In response, the trial court indicated:
Just for the benefit of counsel, this Court, if, in fact, it ends up awarding a judgment for attorney's fees, feels that pursuant to our local rules that that would not be sufficient and will ask, if you could, get accounting sheets and simply attach it to an affidavit. But there's no reason for you to testify in court as to that if it's acceptable to counsel.
[Defendants' counsel]: That's acceptable.
(Emphasis added.) After the trial court found that IFG's proffer was insufficient for the determination of attorney fees, IFG's counsel produced accounting sheets and an affidavit evidencing that the actual fees were $13,485.50. Thereafter, the trial court entered judgment for attorney fees in that amount. Defendants now claim on appeal that IFG should be bound by the original $10,000 figure which counsel unsuccessfully attempted to proffer at trial.
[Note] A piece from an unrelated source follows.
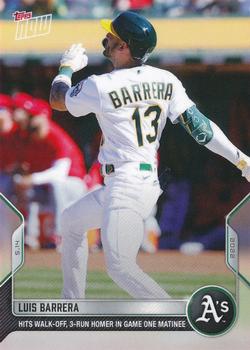 2022 Topps Now #178 Luis Barrera Front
However, inasmuch as the trial court determined that IFG's proffer was insufficient for the determination of attorney fees and since defendants have not claimed or shown that the attorney fees awarded were excessive or lacked an evidentiary basis, we find meritless defendants' contention that IFG should be bound by what was determined to be an inadequate proffer at trial.
We have reviewed defendants' other claims on appeal and find them to be without merit. The judgment of the trial court is affirmed.
STEWART, DURHAM and ZIMMERMAN, JJ. concur.
HOWE, Associate C.J., does not participate herein.